- _Information provided_:
==================================================
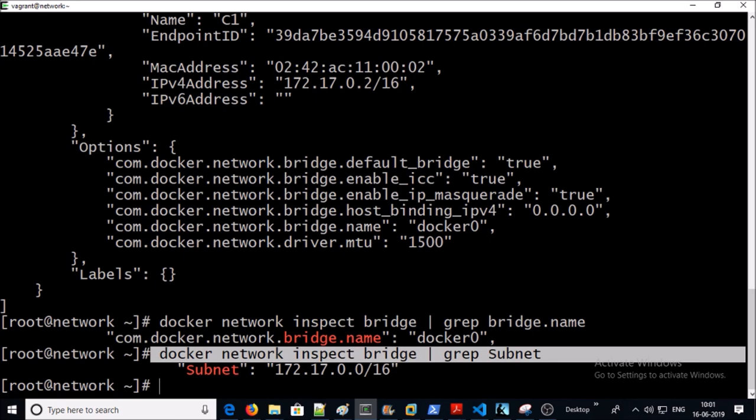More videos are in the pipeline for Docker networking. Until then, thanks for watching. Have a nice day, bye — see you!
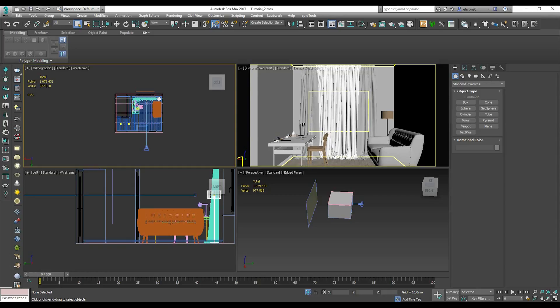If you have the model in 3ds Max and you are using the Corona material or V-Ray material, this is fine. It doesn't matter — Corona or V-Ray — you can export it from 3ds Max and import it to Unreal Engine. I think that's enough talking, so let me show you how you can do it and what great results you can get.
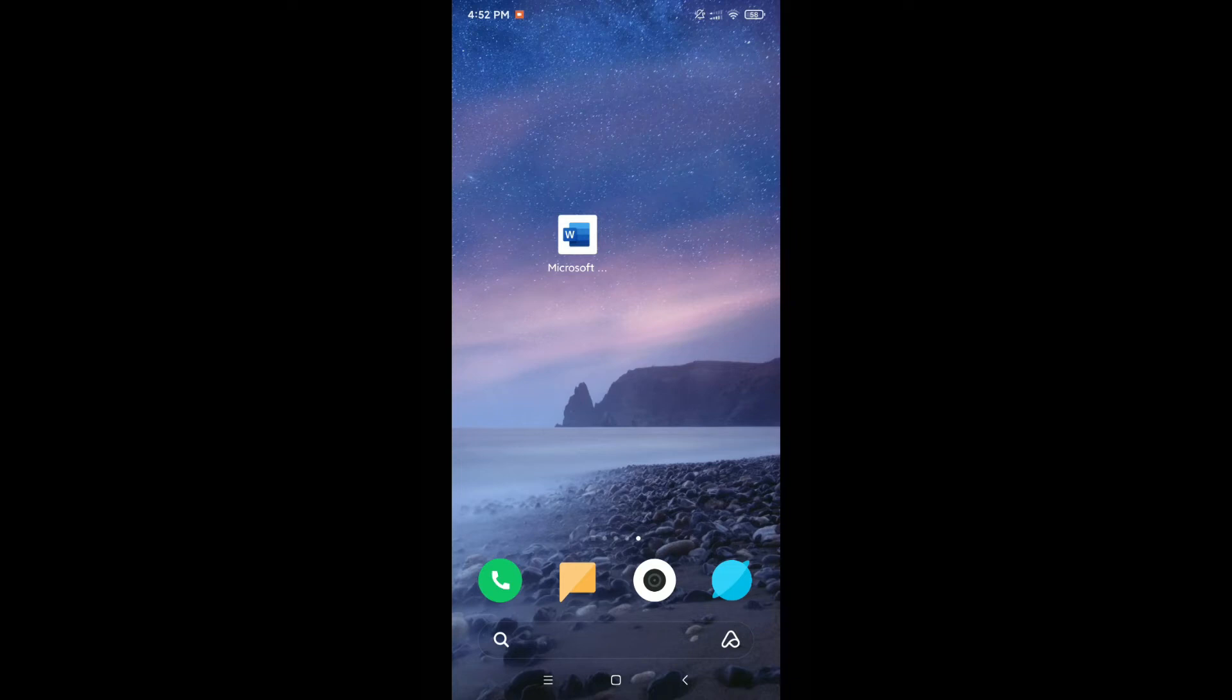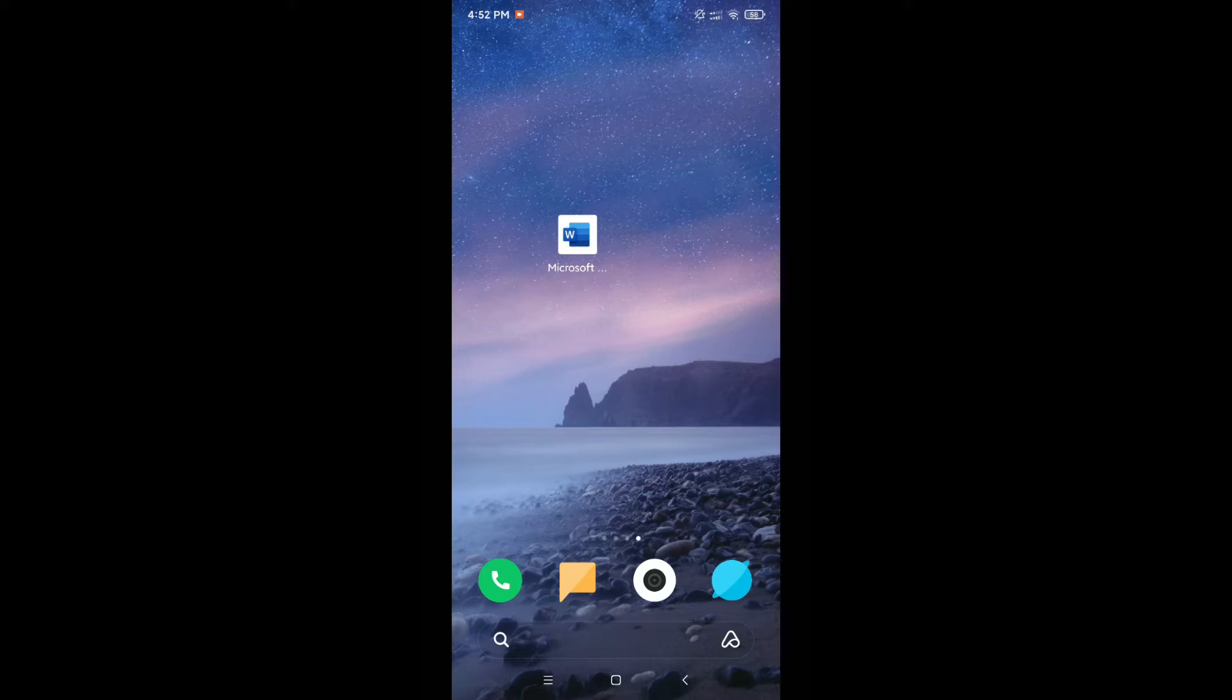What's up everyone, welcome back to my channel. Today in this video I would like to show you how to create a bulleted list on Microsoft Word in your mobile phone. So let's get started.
==================================================
Could the data above be repeated exactly, with every picture dropped?

- _Task result_:
More videos are in the pipeline for Docker networking. Until then, thanks for watching. Have a nice day, bye — see you!
If you have the model in 3ds Max and you are using the Corona material or V-Ray material, this is fine. It doesn't matter — Corona or V-Ray — you can export it from 3ds Max and import it to Unreal Engine. I think that's enough talking, so let me show you how you can do it and what great results you can get.
What's up everyone, welcome back to my channel. Today in this video I would like to show you how to create a bulleted list on Microsoft Word in your mobile phone. So let's get started.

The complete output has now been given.